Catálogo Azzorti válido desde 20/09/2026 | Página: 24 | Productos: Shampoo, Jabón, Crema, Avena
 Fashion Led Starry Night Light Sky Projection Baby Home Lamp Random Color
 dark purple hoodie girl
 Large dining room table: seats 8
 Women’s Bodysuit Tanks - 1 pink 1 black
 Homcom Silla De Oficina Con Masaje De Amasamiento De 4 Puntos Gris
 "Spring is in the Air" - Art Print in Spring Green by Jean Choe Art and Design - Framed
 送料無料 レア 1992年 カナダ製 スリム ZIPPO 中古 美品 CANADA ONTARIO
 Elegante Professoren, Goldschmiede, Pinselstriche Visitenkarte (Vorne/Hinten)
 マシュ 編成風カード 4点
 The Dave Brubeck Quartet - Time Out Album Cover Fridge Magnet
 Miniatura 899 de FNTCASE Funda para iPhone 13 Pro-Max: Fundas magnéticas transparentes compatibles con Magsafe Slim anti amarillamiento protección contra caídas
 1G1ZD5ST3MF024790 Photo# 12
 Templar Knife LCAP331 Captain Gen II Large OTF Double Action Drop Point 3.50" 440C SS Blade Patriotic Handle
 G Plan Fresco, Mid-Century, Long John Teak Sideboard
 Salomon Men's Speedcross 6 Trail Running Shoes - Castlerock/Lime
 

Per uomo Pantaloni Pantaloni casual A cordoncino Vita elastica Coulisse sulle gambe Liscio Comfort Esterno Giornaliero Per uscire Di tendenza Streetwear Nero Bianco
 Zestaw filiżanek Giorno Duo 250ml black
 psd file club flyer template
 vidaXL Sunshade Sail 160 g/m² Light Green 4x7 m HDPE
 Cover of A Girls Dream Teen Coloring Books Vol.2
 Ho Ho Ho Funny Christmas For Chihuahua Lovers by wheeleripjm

------------------------------------------------------------------------

▶ TASK DESCRIPTION
Retype the entries exactly from the first line, stopping after the line with "The Dave Brubeck".

▶ RESPONSE AREA
Catálogo Azzorti válido desde 20/09/2026 | Página: 24 | Productos: Shampoo, Jabón, Crema, Avena
 Fashion Led Starry Night Light Sky Projection Baby Home Lamp Random Color
 dark purple hoodie girl
 Large dining room table: seats 8
 Women’s Bodysuit Tanks - 1 pink 1 black
 Homcom Silla De Oficina Con Masaje De Amasamiento De 4 Puntos Gris
 "Spring is in the Air" - Art Print in Spring Green by Jean Choe Art and Design - Framed
 送料無料 レア 1992年 カナダ製 スリム ZIPPO 中古 美品 CANADA ONTARIO
 Elegante Professoren, Goldschmiede, Pinselstriche Visitenkarte (Vorne/Hinten)
 マシュ 編成風カード 4点
 The Dave Brubeck Quartet - Time Out Album Cover Fridge Magnet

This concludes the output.